The Dagger - NCAAB

Mmm. Snickers.

Everyone has the friend who, despite him- or herself, eats like a moron. This person is likely incredibly skinny and/or athletic, and just never seems to need to watch what he or she eats. Whatever seems tasty at the time goes straight down the unyielding gullet. McDonald's? Sure! Taco Bell? Why not!? Deep fried Snickers? I'll have two! It's an enviable place to be.

The rest of us normal humans, those of us who have to pay attention to whether or not we're consuming more than 4,000 calories a day -- what? I like Chipotle! -- understand the folly in this. That's going to catch up with them later, we say. You can't eat like that your whole life. Have some grains, dude. Apparently, Derrick Rose is no exception.

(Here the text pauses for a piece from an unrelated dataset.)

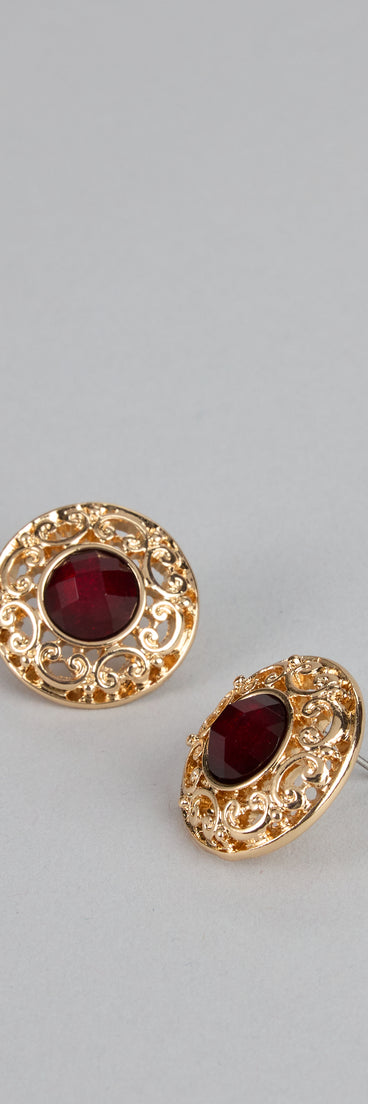 Vintage Flair Statement Stud Earrings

Rose had stomach issues yesterday, and was excused from media sessions to nurse himself back to health. And teammate Robert Dozier betrayed the cause of the stomach concerns: Derrick Rose eats nothing but candy.

"He just didn’t eat - You don’t eat and your stomach’s supposed to be hurting ... He didn’t eat last night or this morning," Dozier said. "We’ve been having problems with him, making him eat all this year, so it’s nothing major to worry about ... He just eats candy and pineapple and syrup. He never really eats real food. Eating grilled cheese sandwiches, things kids eat. He’s 19, he eats like he’s eight ... He needs (a food pyramid). Someone needs to put one up in his room."

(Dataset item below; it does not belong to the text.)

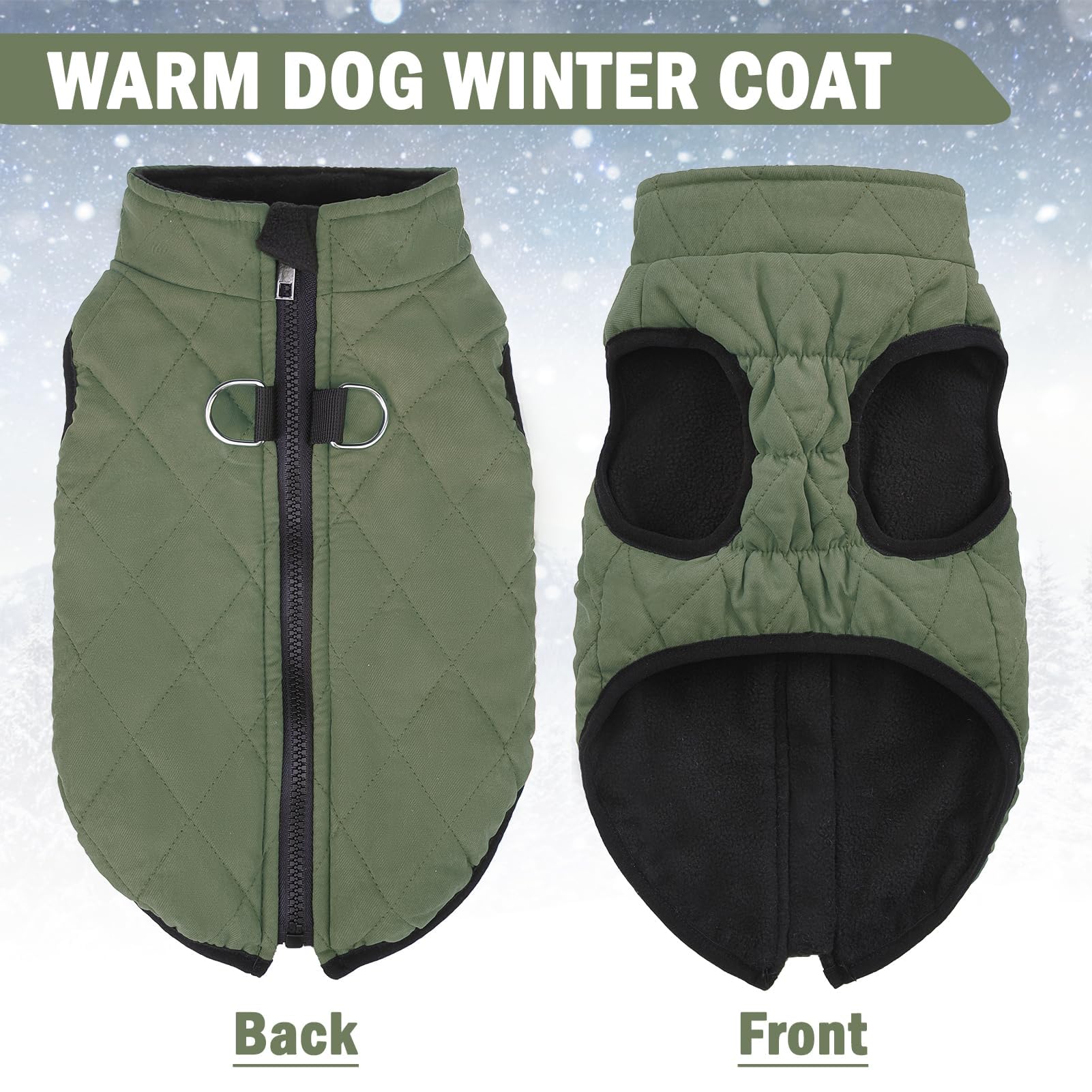SCENEREAL winter dog vest full zipper detail prevents snagging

Rose's play in the postseason has been dominant, but it's also been sort of effortless. His game is so smooth and controlled that he never looks like he's exerting himself, even when he's doing something like this. Along with that lack of effort apparently comes a lack of interest in normal, healthy foods. It's all the same thing: people like Rose are so innately talented at everything they do, they don't need to watch their diet. It comes naturally.

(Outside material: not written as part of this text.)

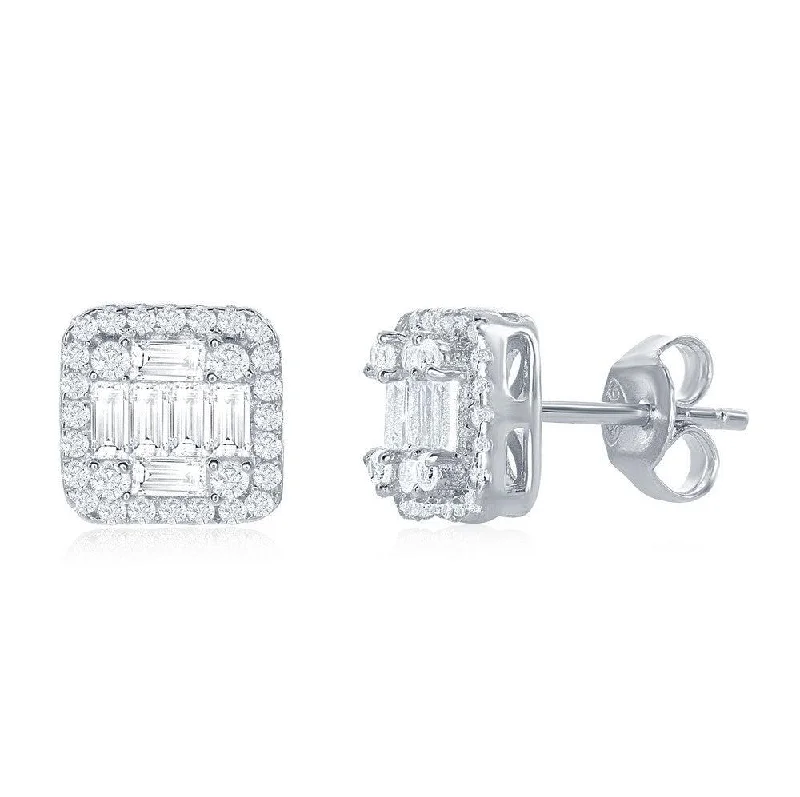 Stud Earrings with Abstract Designs -Sterling Silver Square Baguette CZ Stud Earrings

Unfortunately, the NCAA tournament is a tough stretch, one that exposes this sort of thing. I don't for a minute think this will affect Rose's game tonight -- John Calipari has been personally grinding pasta down D-Rose's throat for a couple days now -- but it should be a lesson learned. Next year isn't just 40 games. It's 82. As Tony Soprano once said, Derrick: I think it's time for you to seriously consider salad.